With the state ineligible for extended unemployment benefits due to dropping unemployment rates, Gov. Dannel P. Malloy wants out-of-work residents to know the resources the state has in place to help them find jobs.
Malloy participated in a roundtable discussion Thursday with some job seekers at the CTWorks Career Center in Hartford. He said with residents losing their benefits, the state needs to “step up our game” when it comes to the jobless.
“We’ve got to be as vigilant about getting this information out as we ever were,” he said. “Particularly around this issue involving people actually losing benefits. We’ve not dealt with that as a state in a very long time and we’ve certainly not dealt with it in the magnitude that we’re going to deal with it now.”
The governor took in some personal stories from people who are either unemployed or had managed to find work through the services of at the career center. In some cases he offered advice or tried to highlight a state program that may help them along their career paths.
Malloy heard from people like Hector Santos, who has exhausted his unemployment benefits. But the Department of Labor helped Santos enroll in classes at the Capitol Region Education Council to be more marketable to employers. He’s also working on completing his GED.
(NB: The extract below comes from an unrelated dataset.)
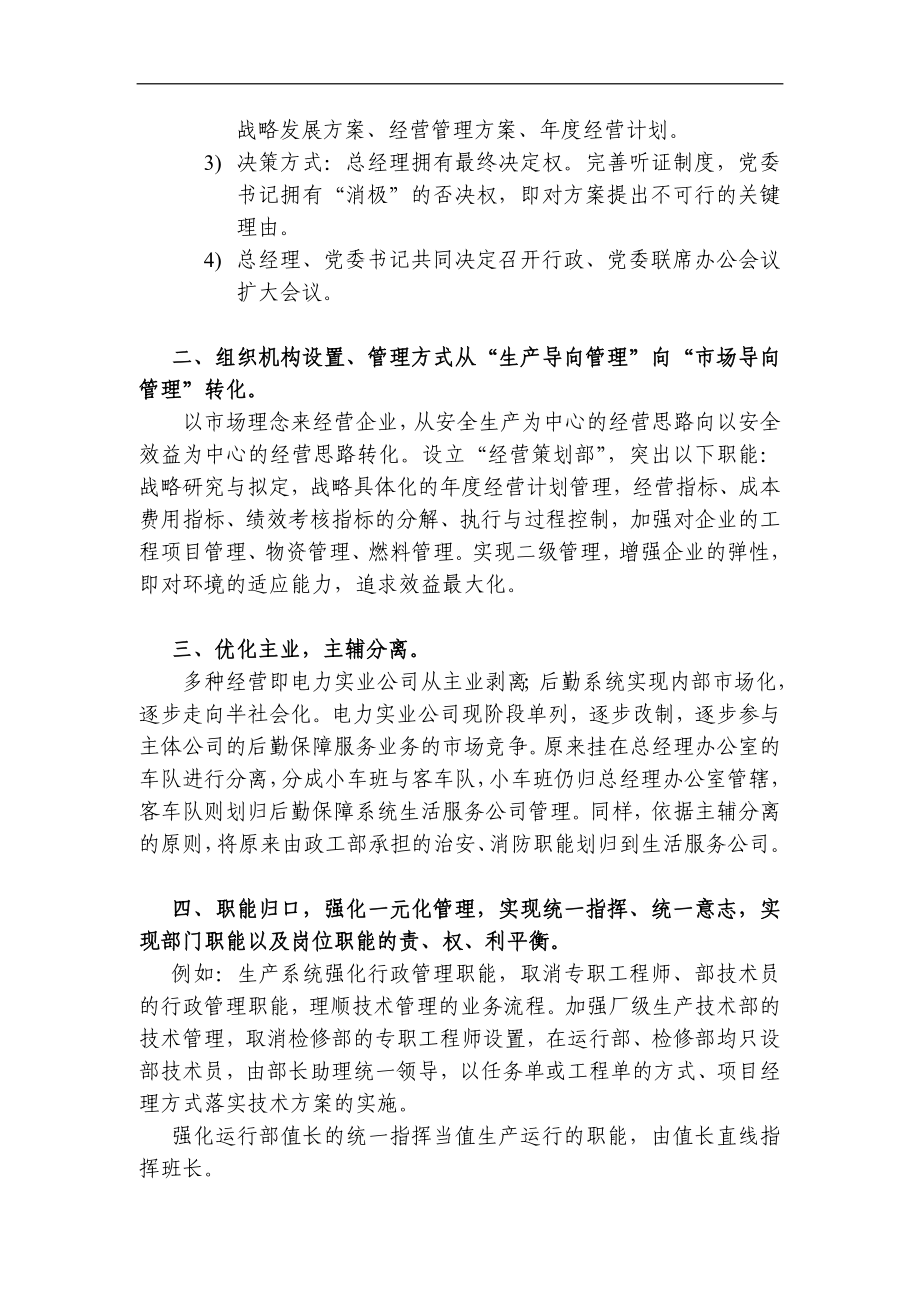 组织优化方案.doc_第2页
Santos didn’t know what the future holds for him after he completes his classes but the governor suggested he continue to further his education.
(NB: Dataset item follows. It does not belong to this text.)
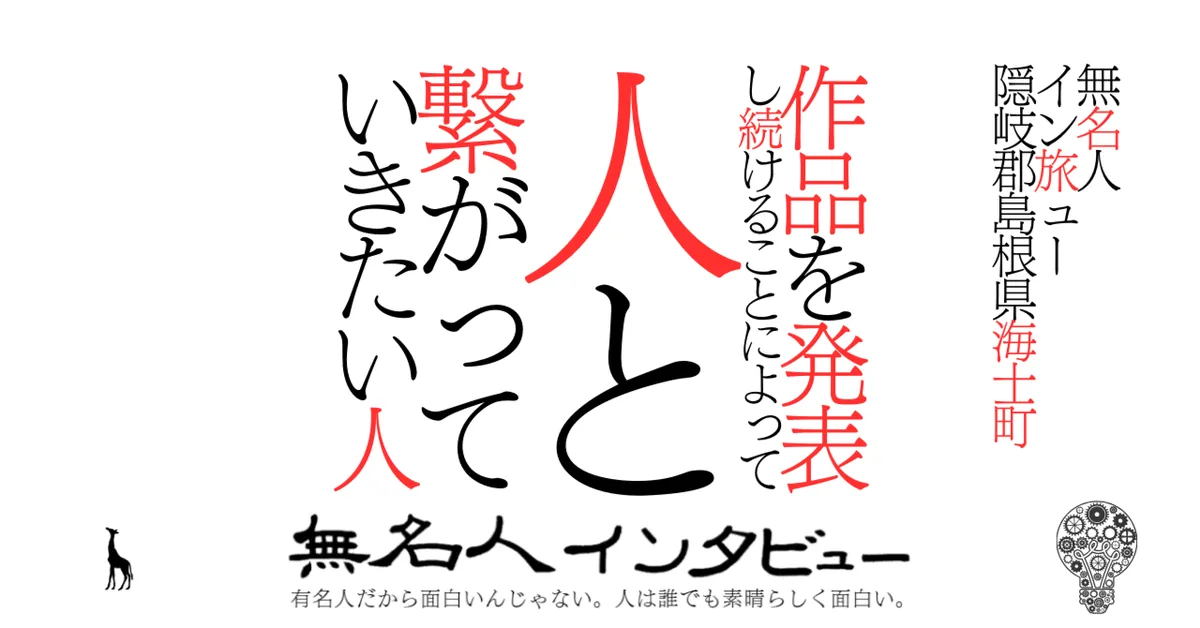 【海士町】作品を発表し続けることによって人と繋がっていきたい人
“[Employers] understand you made a mistake, you didn’t get your high school diploma, you took the step necessary, they want to see you take the next step after that as well. It’s not that you have to complete a program, just showing people you’re working at it even slowly is a big incentive for them to take a chance and give you a starting job,” he said.
If Santos wasn’t sure what field he wanted to get into, Malloy recommended the precision manufacturing industry. Though Pratt & Whitney announced layoffs last week, Malloy said the company’s investment in their Middletown facility and involvement in engine contracts will have a ripple effect on the state’s precision manufacturing industry.
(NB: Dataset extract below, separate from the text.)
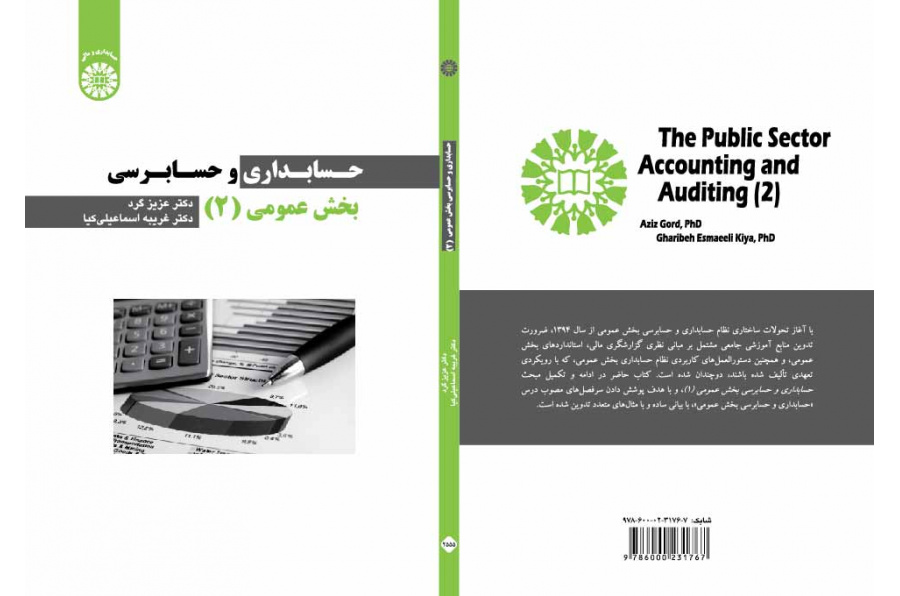 حسابداری و حسابرسی بخش عمومی (۲)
“Not just the work they’re going to do there but so much of that engine is made at small shops across the state. What we trying to do is upgrade of the precision manufacturing training programs at all the community colleges,” he said. “This is an area we actually think is going to grow in Connecticut.”
Malloy urged job seekers to familiarize themselves with some of the job programs the legislature passed last last fall like the STEP UP program, which subsidizes the wages of eligible new hires for the first months of their employment. He said people looking for jobs should bring the programs to the attention of prospective employers to provide extra incentives for them to hire.
Malloy also heard from Milgrid Guzman an Army veteran who’s seeking an associate’s degree in nursing at Capital Community College. The Labor Department has been helping Guzman ensure she takes advantage of all her veterans benefits. Nonetheless, the governor had some child-naming advice for Guzman. who is pregnant.
“Dannel is spelled D-A-N-N—we’re trying to encourage more people to use that name so more people pronounce it correctly,” he joked.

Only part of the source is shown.